▶ _Entries supplied_

^^^^^^^^^^^^^^^^

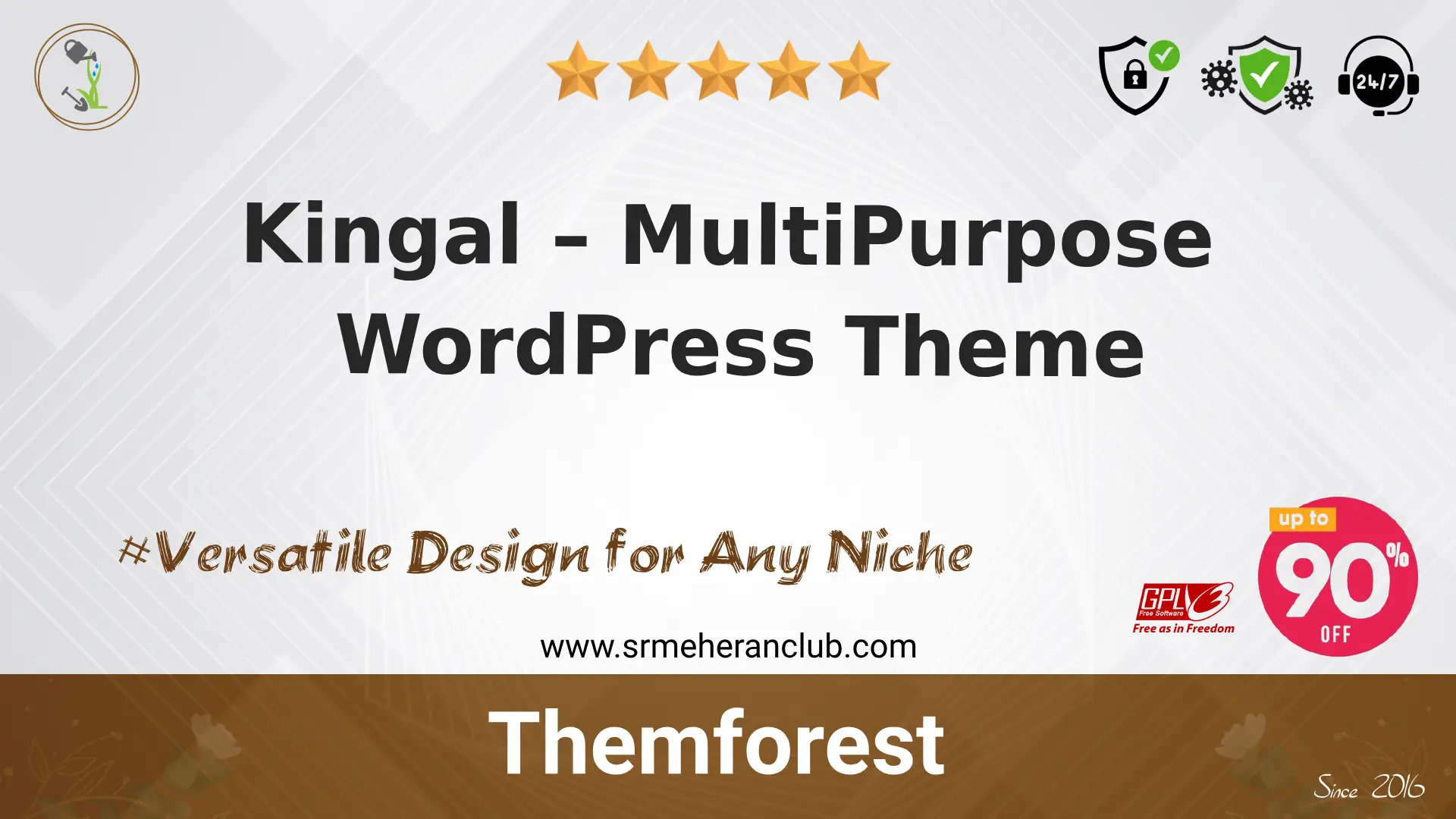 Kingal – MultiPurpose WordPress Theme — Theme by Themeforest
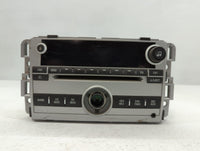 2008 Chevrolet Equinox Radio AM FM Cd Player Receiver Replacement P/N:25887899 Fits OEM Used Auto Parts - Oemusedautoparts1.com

^^^^^^^^^^^^^^^^

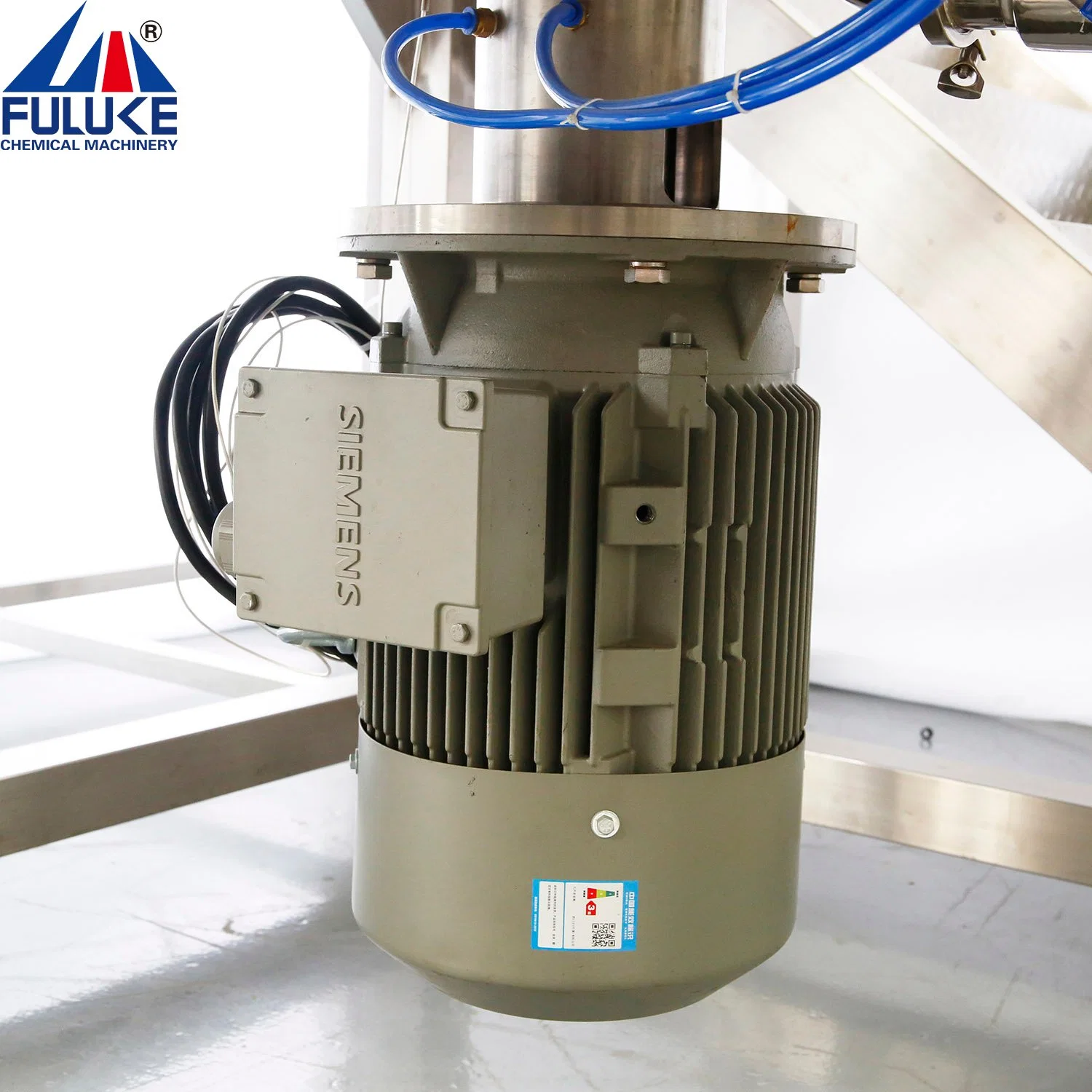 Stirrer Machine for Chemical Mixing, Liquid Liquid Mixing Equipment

^^^^^^^^^^^^^^^^

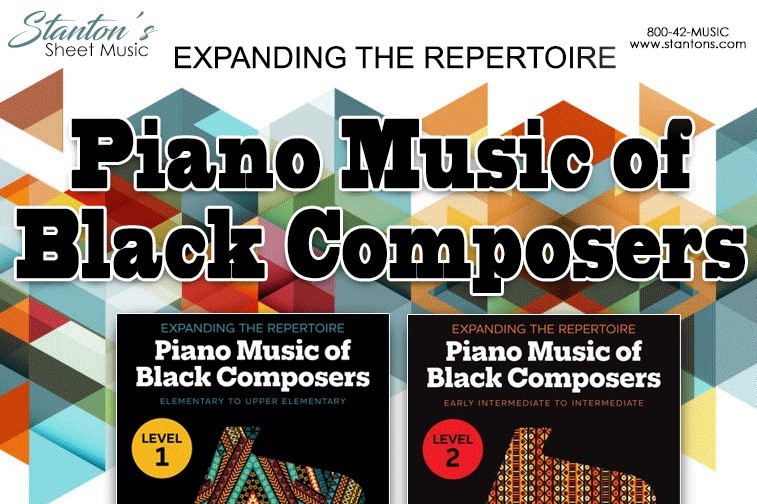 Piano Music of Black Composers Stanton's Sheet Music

^^^^^^^^^^^^^^^^

▶ _Your assignment_
In the listing above, find the line with "Kingal – MultiPurpose" and the line with "2008 Chevrolet Equinox". Set down both and every line between them, minus the pictures.

▶ _Response area_
 Kingal – MultiPurpose WordPress Theme — Theme by Themeforest
 2008 Chevrolet Equinox Radio AM FM Cd Player Receiver Replacement P/N:25887899 Fits OEM Used Auto Parts - Oemusedautoparts1.com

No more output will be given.